Bukele y la resurrección nazi en las cárceles del Salvador
Parecen campos de concentración Nazi, así se pueden retratar las cárceles de el Salvador en la era Bukele. Todo quedó en evidencia con el traslado de 2.000 pandilleros a la cárcel de máxima seguridad construida por el Gobierno de BUKELE en el Salvador, en tan solo siete meses, ha generado una nueva ola de críticas de organizaciones de derechos humanos, que cuestionan la legalidad de las medidas tomadas por el presidente del país centroamericano, desde que decretó el estado de excepción como parte de su estrategia de seguridad.

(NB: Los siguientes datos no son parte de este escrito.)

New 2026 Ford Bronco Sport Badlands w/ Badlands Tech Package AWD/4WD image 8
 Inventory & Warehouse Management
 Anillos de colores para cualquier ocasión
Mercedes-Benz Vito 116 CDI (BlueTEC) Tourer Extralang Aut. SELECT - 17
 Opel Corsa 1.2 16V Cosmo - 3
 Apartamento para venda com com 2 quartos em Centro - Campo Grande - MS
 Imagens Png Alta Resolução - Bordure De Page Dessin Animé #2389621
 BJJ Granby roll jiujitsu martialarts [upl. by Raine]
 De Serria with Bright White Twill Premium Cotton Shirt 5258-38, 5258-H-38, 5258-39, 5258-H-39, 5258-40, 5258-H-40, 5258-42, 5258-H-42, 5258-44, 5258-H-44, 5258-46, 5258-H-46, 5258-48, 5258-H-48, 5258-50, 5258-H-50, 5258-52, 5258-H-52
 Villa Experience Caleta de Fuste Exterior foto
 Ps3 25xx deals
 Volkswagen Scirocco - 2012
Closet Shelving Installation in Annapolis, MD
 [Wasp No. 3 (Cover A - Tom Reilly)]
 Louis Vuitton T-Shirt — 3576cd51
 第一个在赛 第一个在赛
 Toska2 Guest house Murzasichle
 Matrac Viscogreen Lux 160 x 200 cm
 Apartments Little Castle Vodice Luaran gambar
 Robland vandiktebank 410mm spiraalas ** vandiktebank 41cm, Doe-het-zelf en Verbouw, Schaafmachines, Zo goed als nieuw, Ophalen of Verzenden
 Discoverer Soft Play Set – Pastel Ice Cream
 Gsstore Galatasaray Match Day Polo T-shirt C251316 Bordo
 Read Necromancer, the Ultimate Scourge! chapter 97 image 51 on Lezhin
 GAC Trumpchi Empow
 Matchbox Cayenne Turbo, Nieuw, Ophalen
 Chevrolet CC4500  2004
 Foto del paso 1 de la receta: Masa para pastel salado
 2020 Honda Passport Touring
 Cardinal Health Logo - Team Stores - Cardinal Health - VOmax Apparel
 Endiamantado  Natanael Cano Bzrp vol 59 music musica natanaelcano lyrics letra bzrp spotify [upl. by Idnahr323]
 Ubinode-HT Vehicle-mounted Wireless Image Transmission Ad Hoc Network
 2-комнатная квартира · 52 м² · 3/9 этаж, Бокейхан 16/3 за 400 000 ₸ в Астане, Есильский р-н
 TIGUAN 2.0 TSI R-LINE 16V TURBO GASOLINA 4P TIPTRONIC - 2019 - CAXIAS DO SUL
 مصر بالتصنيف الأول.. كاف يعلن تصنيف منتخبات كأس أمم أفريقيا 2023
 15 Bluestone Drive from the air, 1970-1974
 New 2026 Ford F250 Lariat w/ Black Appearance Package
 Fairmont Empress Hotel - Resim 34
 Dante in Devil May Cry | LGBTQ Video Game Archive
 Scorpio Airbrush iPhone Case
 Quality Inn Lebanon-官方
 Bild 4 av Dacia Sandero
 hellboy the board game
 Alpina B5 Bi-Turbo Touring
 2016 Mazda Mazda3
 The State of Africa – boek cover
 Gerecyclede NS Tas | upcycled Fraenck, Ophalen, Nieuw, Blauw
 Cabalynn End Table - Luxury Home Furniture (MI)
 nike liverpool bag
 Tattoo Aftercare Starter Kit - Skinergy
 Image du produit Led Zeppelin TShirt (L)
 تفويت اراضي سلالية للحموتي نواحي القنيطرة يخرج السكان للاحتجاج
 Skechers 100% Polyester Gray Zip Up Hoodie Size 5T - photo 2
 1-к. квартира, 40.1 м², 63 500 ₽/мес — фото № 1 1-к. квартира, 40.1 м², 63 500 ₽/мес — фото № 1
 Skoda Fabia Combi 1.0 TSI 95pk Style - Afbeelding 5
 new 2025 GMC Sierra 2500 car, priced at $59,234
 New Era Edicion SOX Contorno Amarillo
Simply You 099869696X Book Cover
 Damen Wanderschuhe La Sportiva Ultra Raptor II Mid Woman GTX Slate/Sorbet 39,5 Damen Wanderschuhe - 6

Las imágenes de cientos de presos hacinados, semidesnudos, esposados y amontonados en plena pandemia del coronavirus logró que medio planeta mirara hacia las cárceles de El Salvador.
Fue el mediático paso de su gobierno para dar a conocer internacionalmente sus drásticas medidas contra los miembros de pandillas encarcelados, convencido de que sus órdenes desde prisión están detrás del reciente incremento de homicidios en el país.
Aislamiento total sin ver la luz del sol o la inédita mezcla en la misma celda de miembros de maras rivales a muerte fueron algunas de las iniciativas del Ejecutivo salvadoreño que recibieron duras críticas de organismos de derechos humanos.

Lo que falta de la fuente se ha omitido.